• WHAT YOU WILL DO:
All of the data, word for word and free of pictures, is the expected result.

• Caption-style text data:

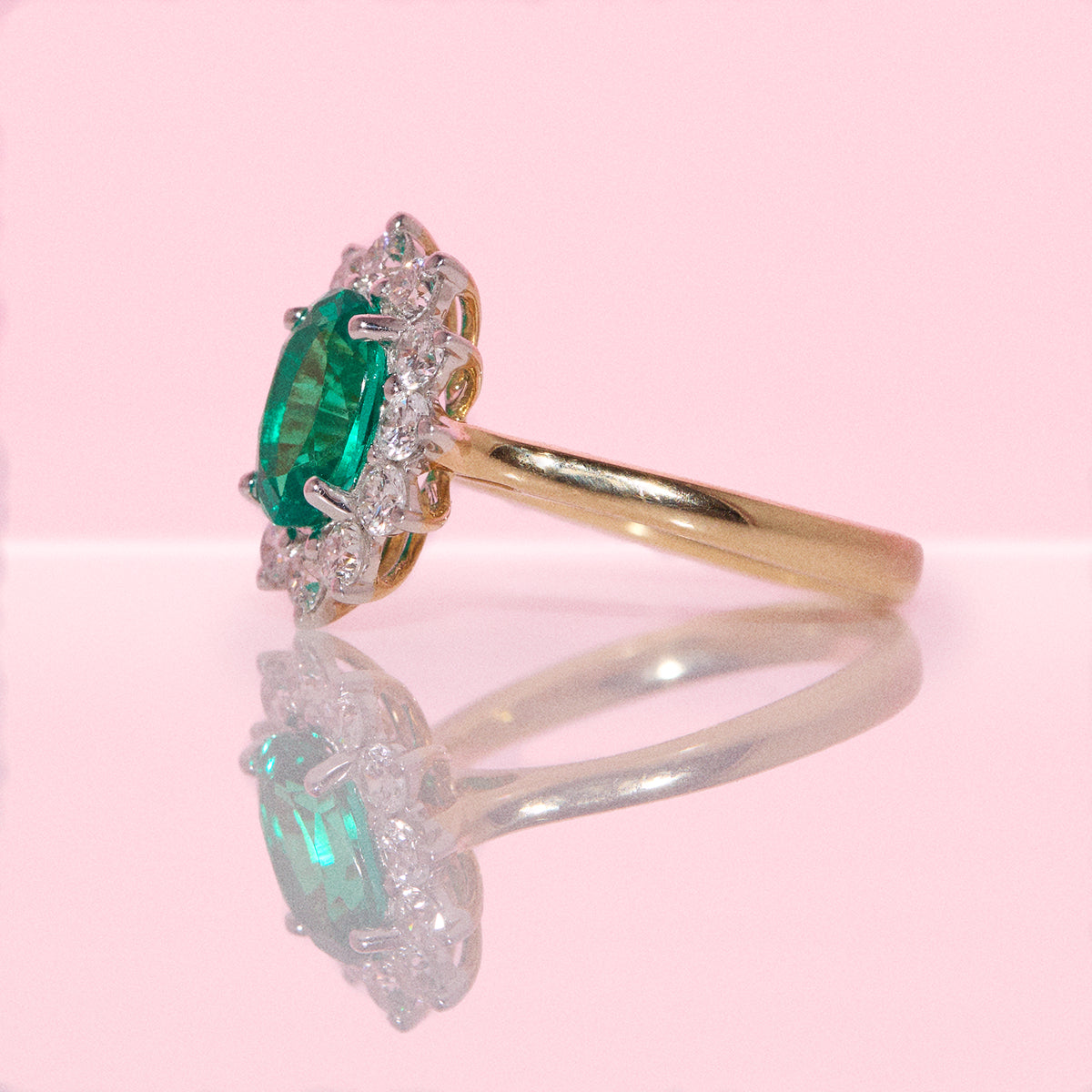 9ct gold 1.93ct oval emerald and 0.88ct diamond cluster ring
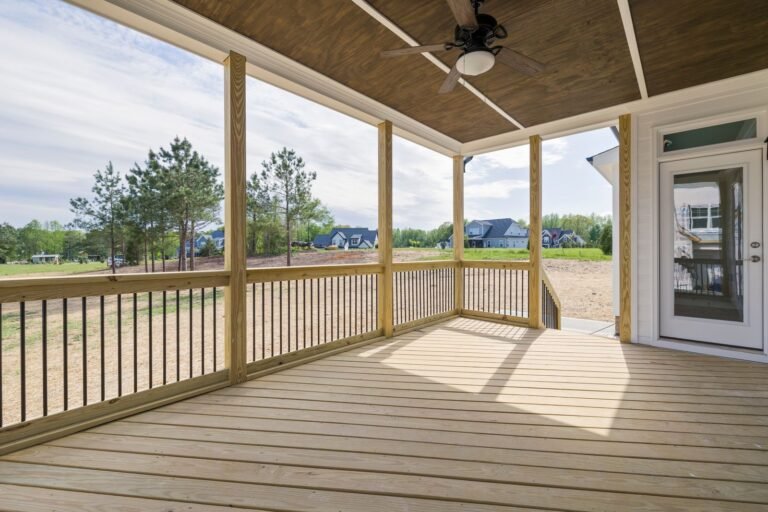 Covered wood deck with a ceiling fan and open sides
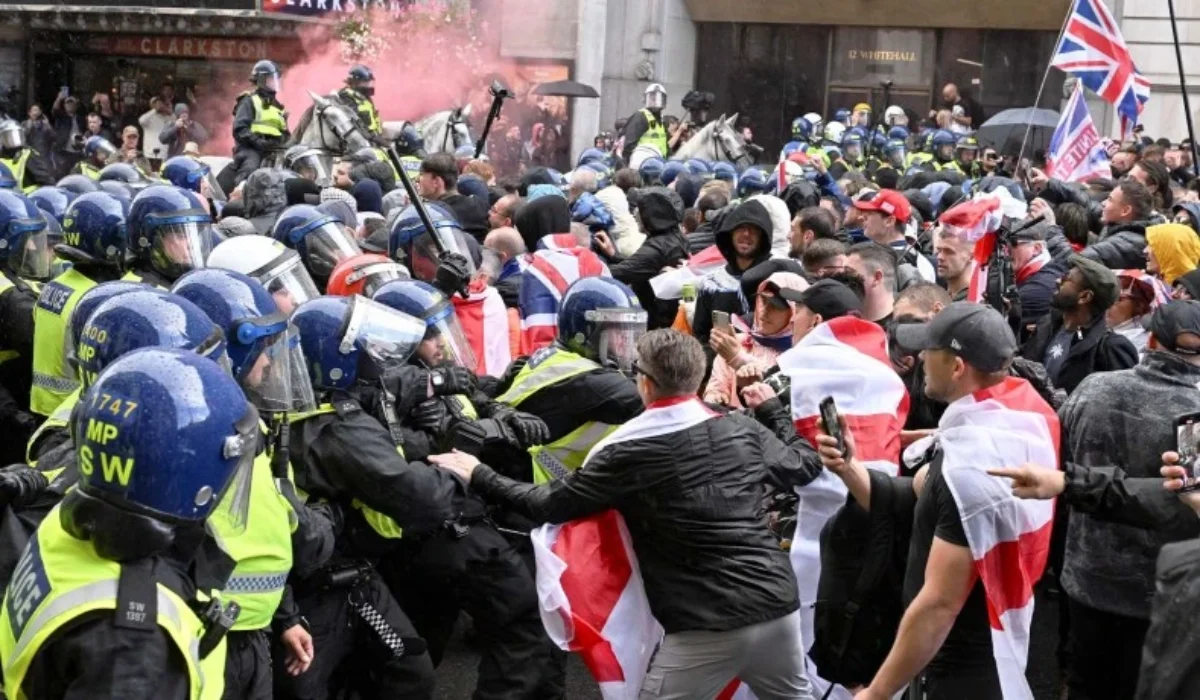 English police suppressing a protest against illegal immigration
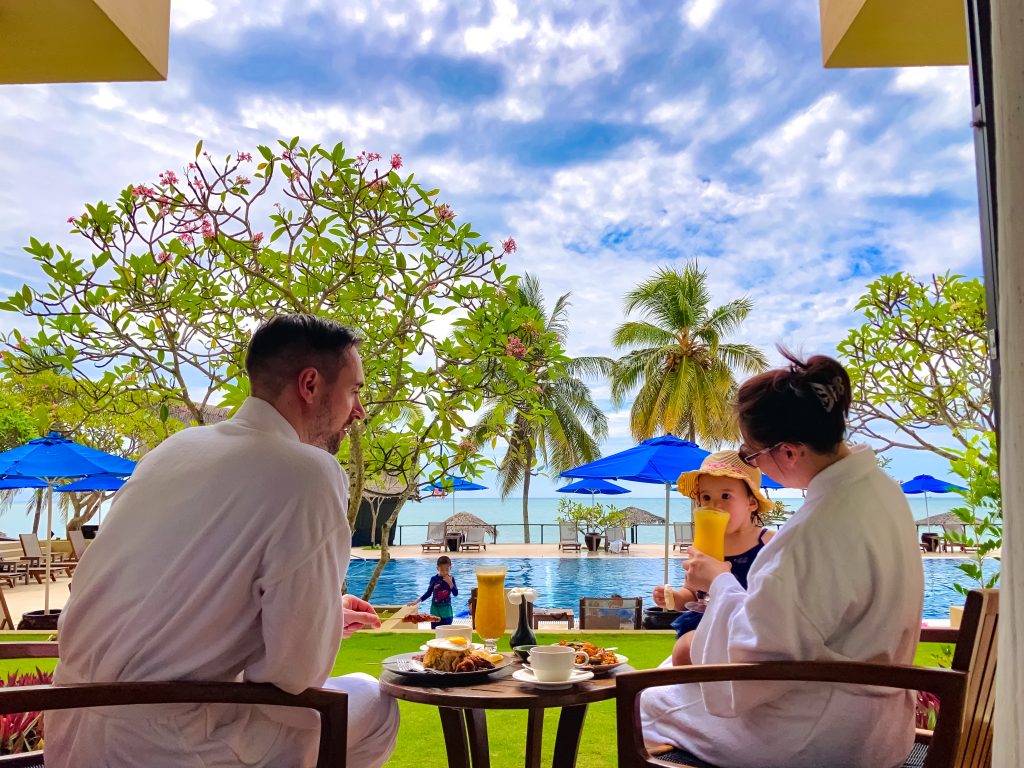 father mother in bathrobes and baby having malaysian breakfast by the poolside at hyatt kuantan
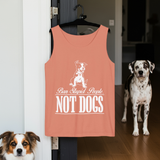 Peach tank top with a dog graphic and text, hanging on a door with two dogs in the background.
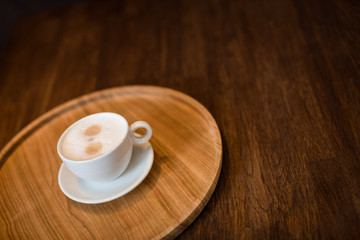 cup on wooden background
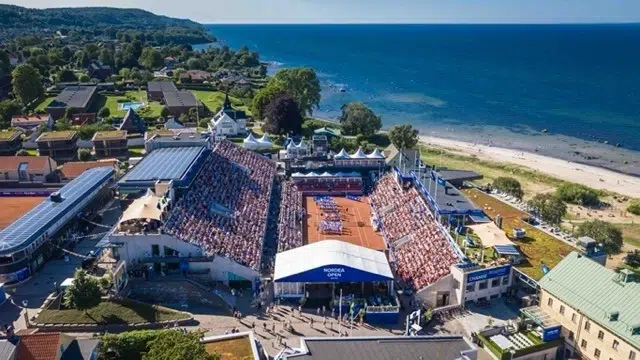 bild ovanifrån på tennisplan i Båstad med fullsatt publik, skogen till vänster och havet till höger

• SOLUTION FOR THIS PROBLEM:
 9ct gold 1.93ct oval emerald and 0.88ct diamond cluster ring
 Covered wood deck with a ceiling fan and open sides
 English police suppressing a protest against illegal immigration
 father mother in bathrobes and baby having malaysian breakfast by the poolside at hyatt kuantan
 Peach tank top with a dog graphic and text, hanging on a door with two dogs in the background.
 cup on wooden background
 bild ovanifrån på tennisplan i Båstad med fullsatt publik, skogen till vänster och havet till höger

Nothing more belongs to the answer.